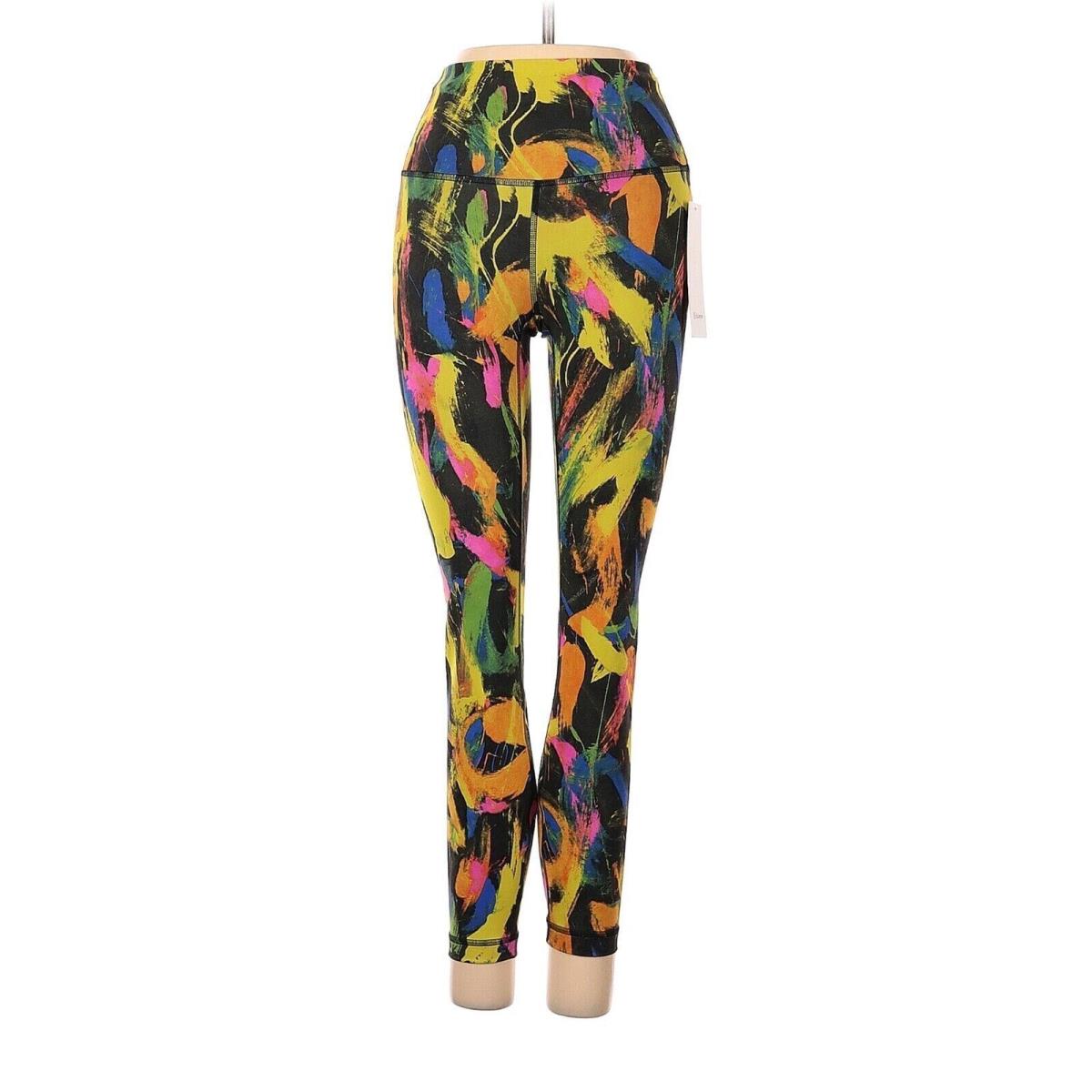 Lululemon Athletica Undertone Black Multi Wunder Train HR Tight 25 Leggings-US4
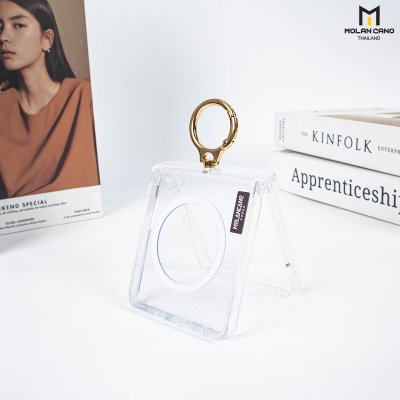 Molan Cano Z Flip7 เคสใส Magsafe พร้อมวงแหวน Ring
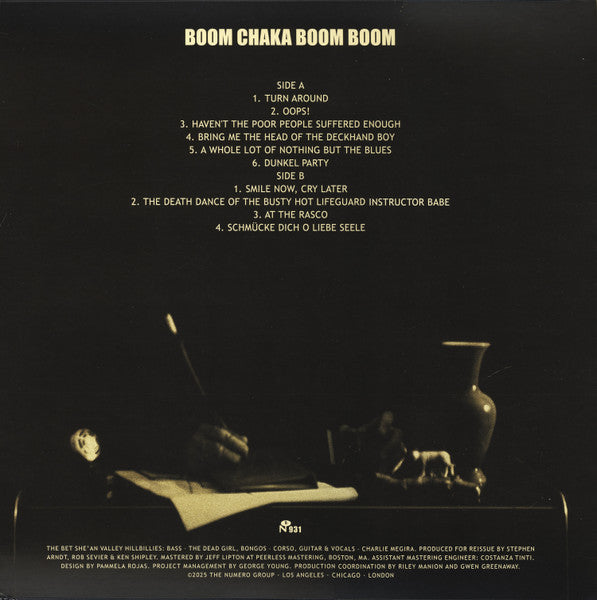 CHARLIE MEGIRA & The Bet She’an Valley Hillbillies (チャーリー・メギラ ) - Boom Chaka Boom Boom (US 限定再発「赤盤」LP/New) ラスト作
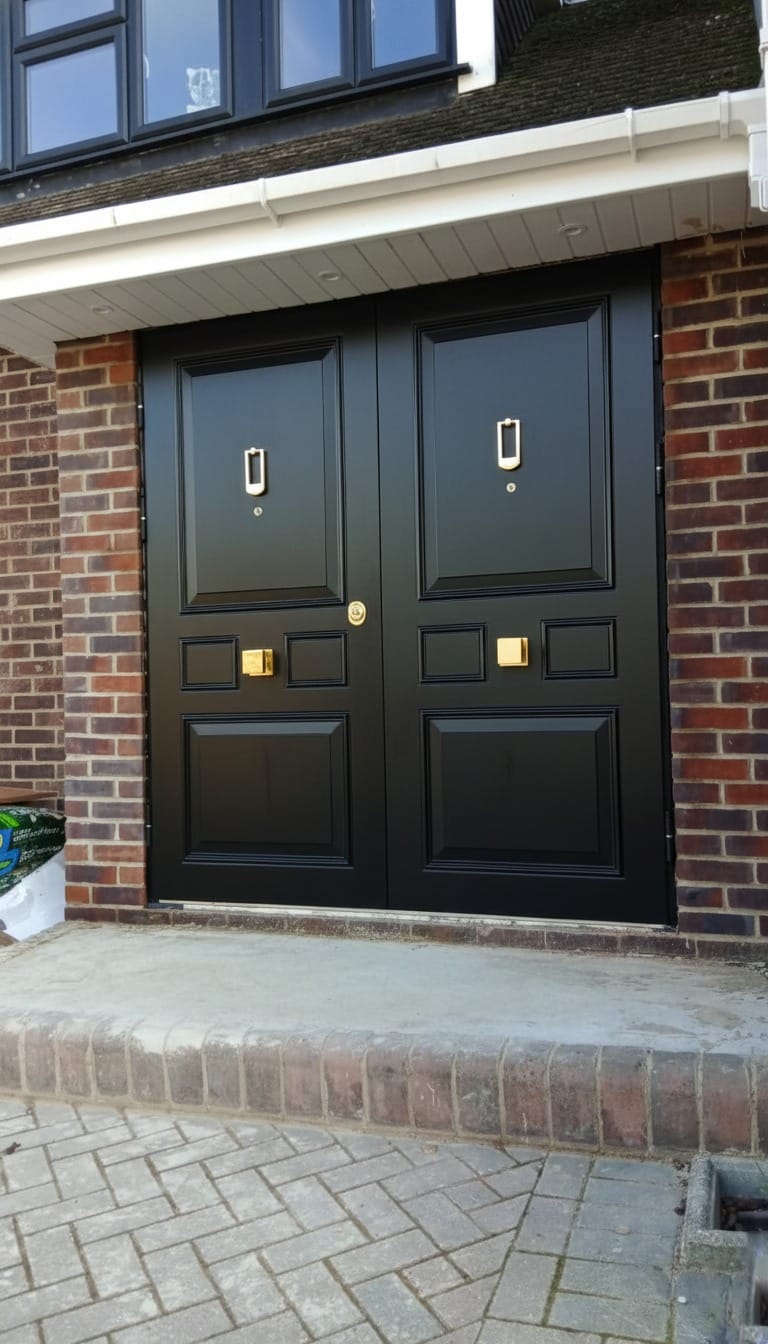 Steel entrance doors in Bushey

= = = =

TASK DIRECTIONS: After locating the line that holds "CHARLIE MEGIRA &", output exactly the lines from it through the last line of the material above, inclusive, without pictures.

RESULT BELOW:
 CHARLIE MEGIRA & The Bet She’an Valley Hillbillies (チャーリー・メギラ ) - Boom Chaka Boom Boom (US 限定再発「赤盤」LP/New) ラスト作
 Steel entrance doors in Bushey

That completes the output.